● **DATA SUPPLIED**:
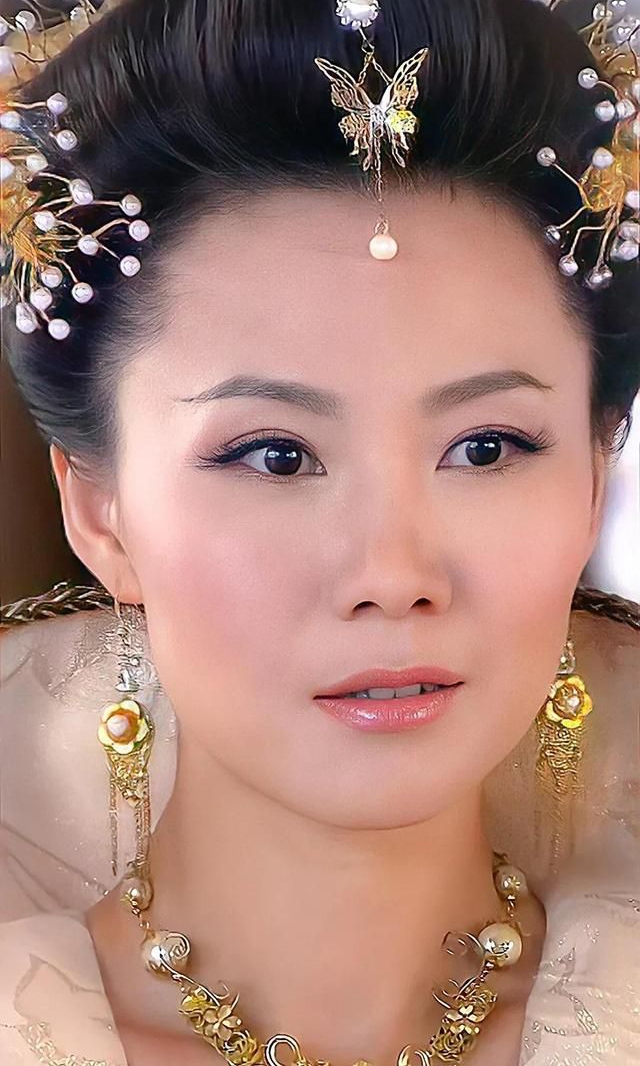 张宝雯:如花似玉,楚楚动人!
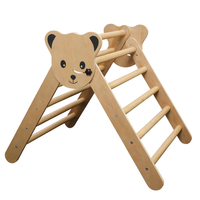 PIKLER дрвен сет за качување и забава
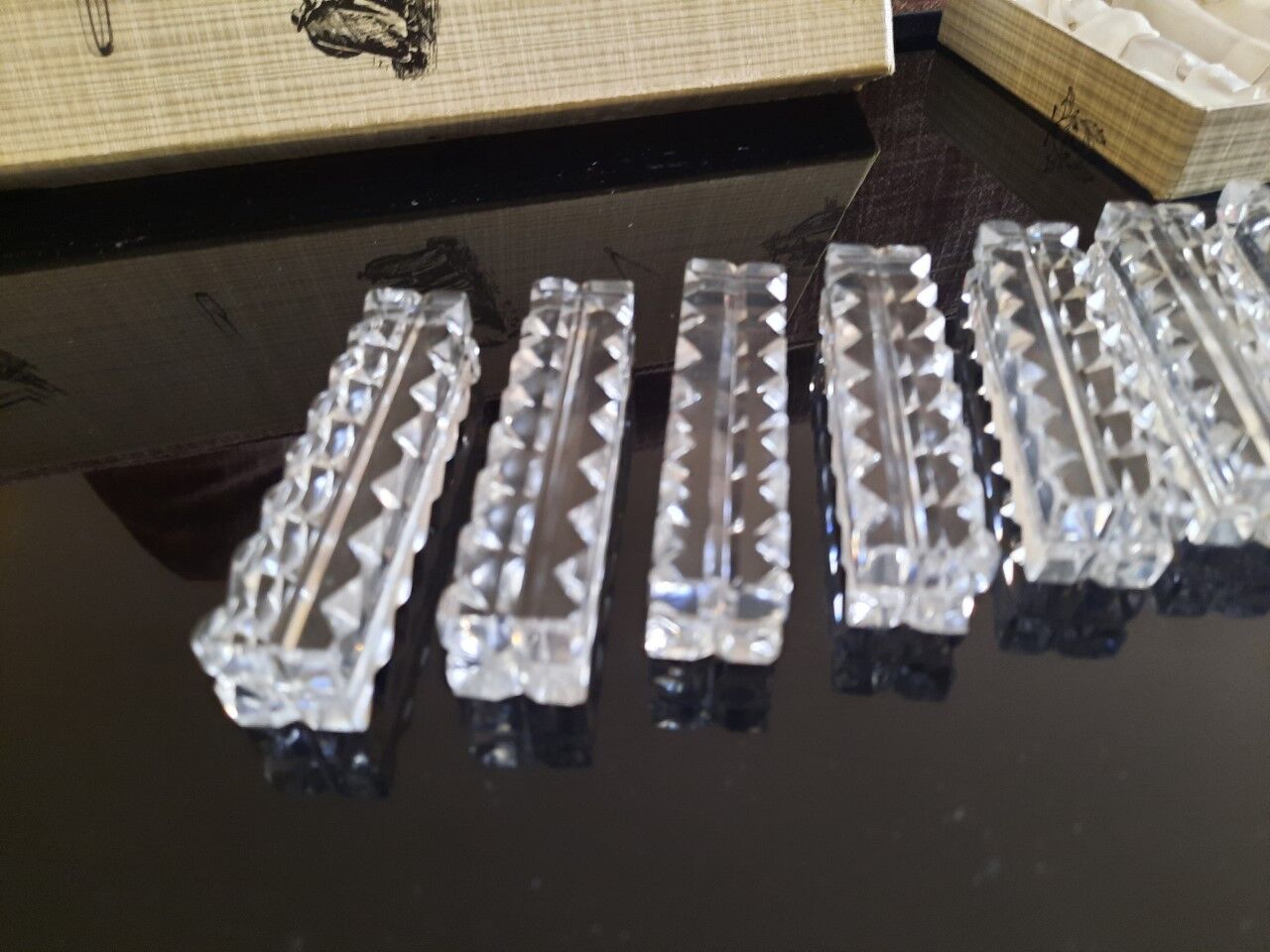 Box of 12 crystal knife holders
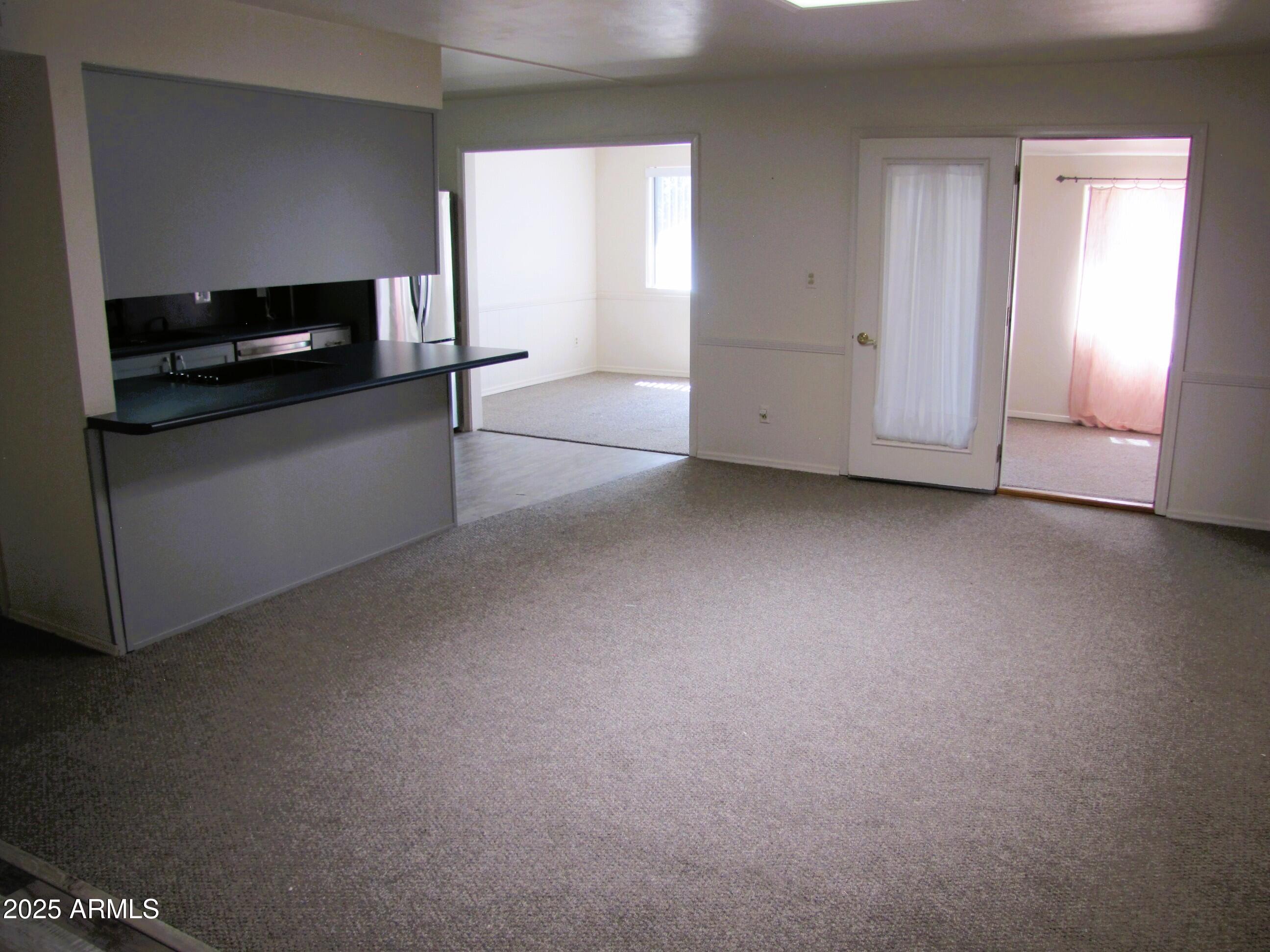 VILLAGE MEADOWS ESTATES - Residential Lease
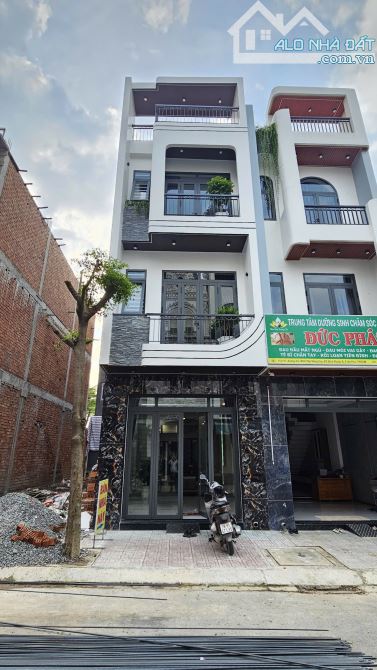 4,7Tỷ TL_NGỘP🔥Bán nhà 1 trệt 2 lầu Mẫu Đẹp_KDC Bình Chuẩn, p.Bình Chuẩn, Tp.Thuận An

...

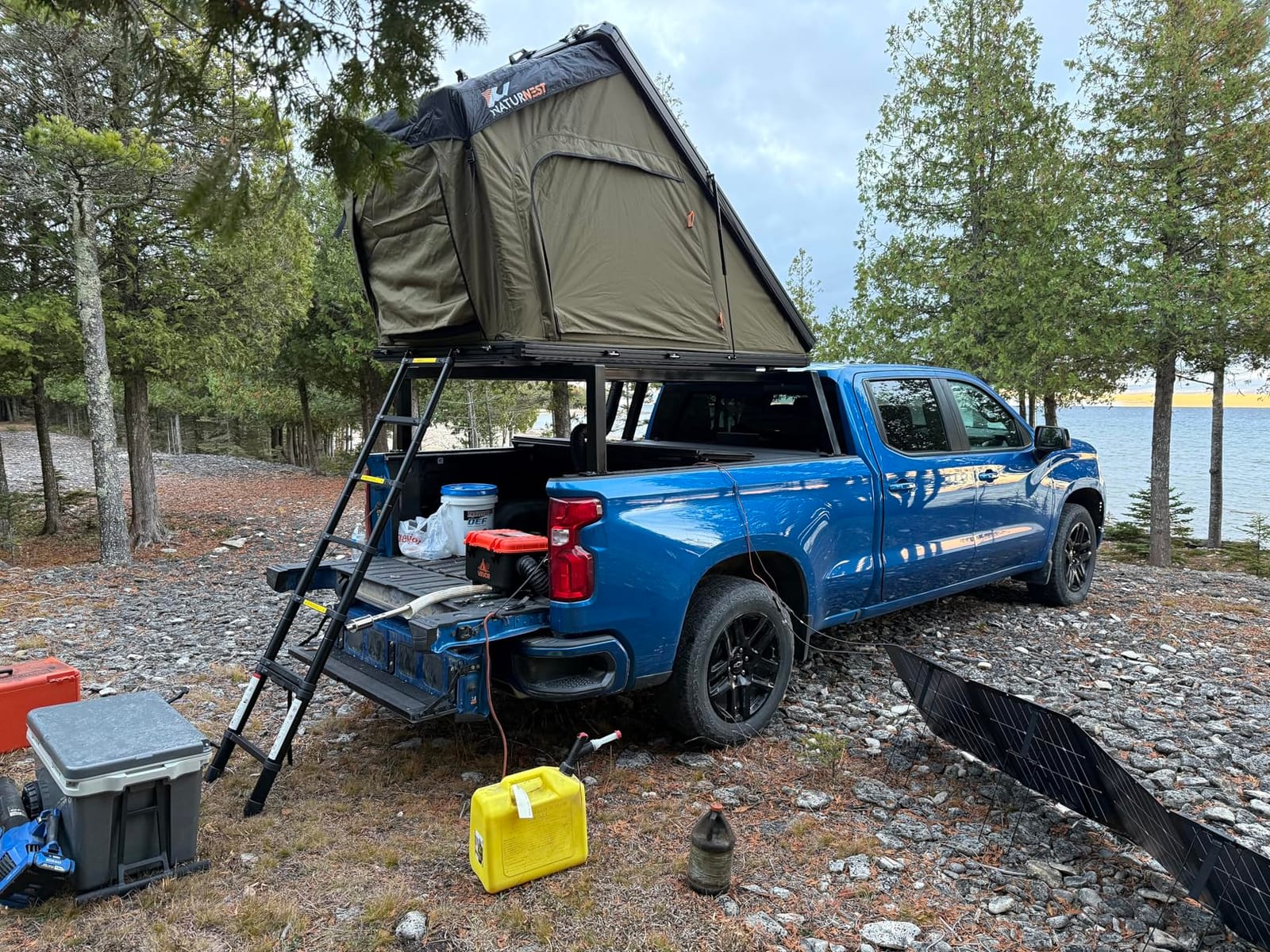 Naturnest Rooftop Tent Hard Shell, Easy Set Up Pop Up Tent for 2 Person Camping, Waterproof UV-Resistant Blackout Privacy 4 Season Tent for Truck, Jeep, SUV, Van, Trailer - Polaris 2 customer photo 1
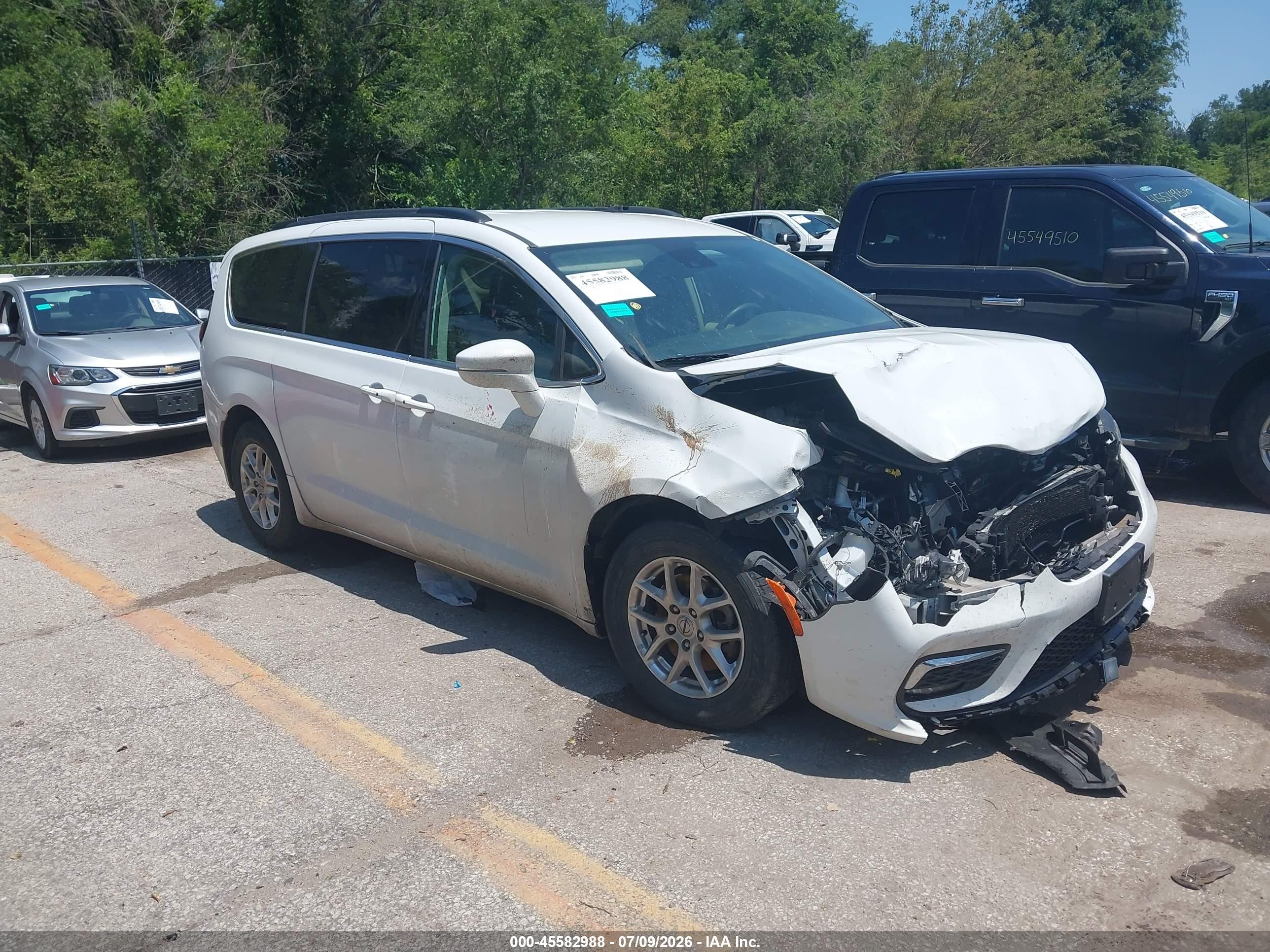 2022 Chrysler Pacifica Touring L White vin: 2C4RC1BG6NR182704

● **WORK INSTRUCTION**:
Using the data above, return the lines from the one holding "PIKLER дрвен сет за качување и забава" through the one holding "4,7Tỷ TL_NGỘP🔥Bán nhà" exactly, but not the pictures.

● **RESULT OF THE EXERCISE**:
 PIKLER дрвен сет за качување и забава
 Box of 12 crystal knife holders
 VILLAGE MEADOWS ESTATES - Residential Lease
 4,7Tỷ TL_NGỘP🔥Bán nhà 1 trệt 2 lầu Mẫu Đẹp_KDC Bình Chuẩn, p.Bình Chuẩn, Tp.Thuận An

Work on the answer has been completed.